Following the lack of response from Ministry of Works and infrastructure, BudgIT sent a reminder on the subject to the Ministry and distributed copies to the offices of the Executive Governor, Deputy Governor, Attorney General, Commissioner for information and Strategy and the Office of Civic Engagement. The letter dated May 31st, 2018 reiterated the requests made by the organisation on the cost of executing the Ikeja Bus Terminal.

In addition to the request on details of Ikeja Bus Terminal, on May 31, 2018, BudgIT submitted another FOI request for the details of contracts awarded between May 2015 and May 2018.

According to the group, the FOI request sought for comprehensive information on projects executed and completed with information on the financials for each project within the current period.

It also confirmed that copies of the letters were also sent to the offices of the Executive Governor, Attorney General, Commissioner for Information and Strategy and the Office of Civic Engagement.

BudgIT pointed out that with the ruling on FOI application to states, Lagos State Government do away with “its former opaque and non-transparent ways around government expenditure and project execution and embrace openness.”

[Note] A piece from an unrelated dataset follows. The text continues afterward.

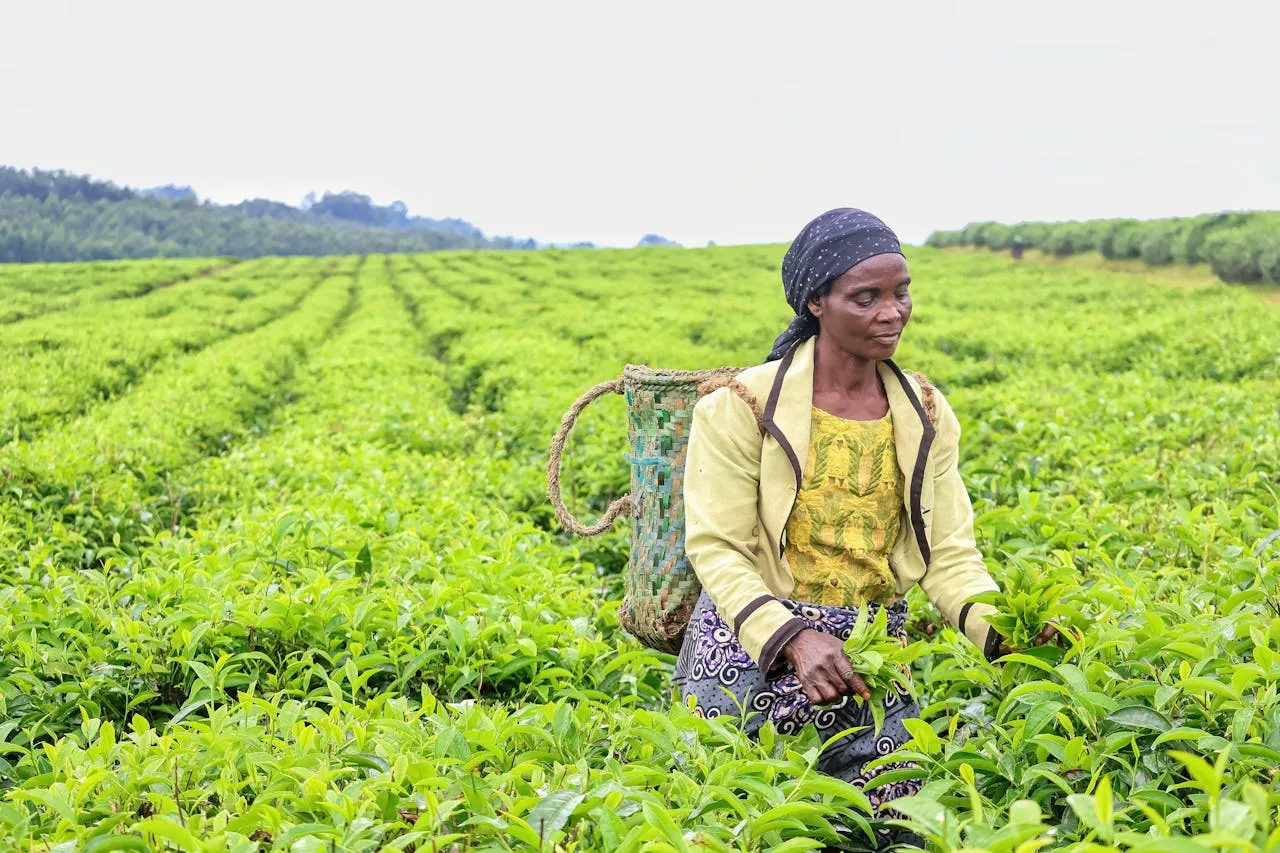 Woman picking tea in field. Credit: Fatima Yusuf via pexels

BudgIT’s Oluseun Onigbinde, said that it had becomes “imperative that the Lagos State Government which generates the highest revenue in Nigeria at almost N40 billion monthly becomes accountable to its tax-paying citizens.”

BudgIT is committed to getting information on public funds utilisation and helping government become accountable to those it governs. Despite being an entity mainly funded by taxpayers, Lagos State Government shrouds the information on procurement, and capital projects cost in secrecy further eroding good governance traits in the state.

The organisation stated that the lack of transparency breeds corruption and there is no room for opacity in the fight against corruption.

It therefore charged all Ministries, Departments and Agencies (MDAs) with mandates to change current government status quo to a more reformed to ensure that its books are open to the public.